C'est votre banque, c'est votre énergéticien, etc.
Et ensuite, on va vers le mass-market.
Et enfin, un contexte porteur.
Technique, je ne peux pas détailler,
mais il y a une maturité logicielle absolument fabuleuse.
Ce qu'on a fait dans Cozy, il était infaisable il y a quatre ans.
Enfin, c'est colossal.
Aujourd'hui, la puissance d'abstraction des couches logicielles
qui sont à disposition sur le marché, c'est fabuleux.
Et un point très important, c'est le prix du hardware.
Aujourd'hui, on peut faire des offres très peu chères
parce que les coûts hardware se sont effondrés.
Et quand je dis très peu cher,
ça veut dire qu'on peut atteindre des prix
qui commencent à concurrencer le gratuit.
On peut faire des offres payantes qui ont le goût du gratuit.
Quand on paye 5 euros par mois,
la friction n'est pas la même,
qu'à 15 euros par mois, même à 9 euros par mois.
Quand on se dit c'est deux canettes,
tout d'un coup, je balance mes deux canettes.
Et si j'ai une valeur ajoutée différenciante,
le système de micro paiement fait qu'on est prêt à passer à l'acte.
Et là, il y a vraiment un jugement énorme innovation
autour du business model basé sur le micro paiement
et rendu possible par le prix du hardware
et de l'hébergement très très peu cher.
Ensuite, il y a une opportunité de marché.
Aujourd'hui, tous les acteurs cherchent à imiter Google et Facebook,
cherchent à fabriquer un nouveau stylo
dans lequel on s'approprie des données personnelles des gens.
Mais celui qui tourne la tête et qui voit la lumière,
c'est une opportunité pendant que la masse court tout le monde
dans la même direction.
C'est une petite chance de se différencier.
Et puis le dernier point que j'ai évoqué précédemment,
c'est le fait que les prix numériques
ont réellement besoin de se positionner face au GAFA.
C'est ce qui fait qu'alors qu'on n'a que deux ans,
qu'on a rencontré trois fois Orange au bout de trois réunions,
on a démarré un projet avec Orange.
Je ne sais pas si vous vous rendez compte de ce que ça représente,
mais c'est assez incroyable.
Bon, là je passe parce que le temps passe.
Donc en conclusion,
comment est-ce qu'on a aligné les algorithmes avec nos intérêts?

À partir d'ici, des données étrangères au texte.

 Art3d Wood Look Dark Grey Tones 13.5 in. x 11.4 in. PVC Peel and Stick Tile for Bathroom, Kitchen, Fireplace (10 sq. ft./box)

Justement, en adoptant un business model payant,
payant mais très peu cher.
Et ça, c'est absolument central dans l'approche.
C'est-à-dire que ça devient complètement un dollar.
C'est le principe de l'abonnement, c'est le principe du marketplace
sur lequel on a tous piraté des apps.
Mais quand l'app coûte 1,50€,
on ne se pose plus de questions, on achète l'app.
C'est le même logique.
Ensuite, on a une plateforme
où je n'ai pas pu vous présenter l'architecture,
mais sur votre serveur personnel,
vous avez une architecture qui vous garantit
techniquement une intégrité
des services qui travaillent pour vous.
Donc vous avez
retrouvé une forme
de maîtrise technique de vos données
et on restaure par ces deux points-là
l'équilibre.
En résumé, la vision c'est de dire
que hier nos pages web, enfin le web
était centré sur des pages statiques.
Aujourd'hui, il a organisé
autour de hubs sociaux et collaboratifs
et notre vision est de dire qu'il va évoluer
vers une structure de plus en plus décentralisée
en paire à paire où chaque individu
est son propre neu dans le réseau
et c'est vraiment notre vision
parce qu'une fois que vous avez votre serveur personnel,
tout est chez vous, vous avez votre propre
domicile numérique
et Google peut rien ne faire.
Peut-être pas la police mais Google, voilà.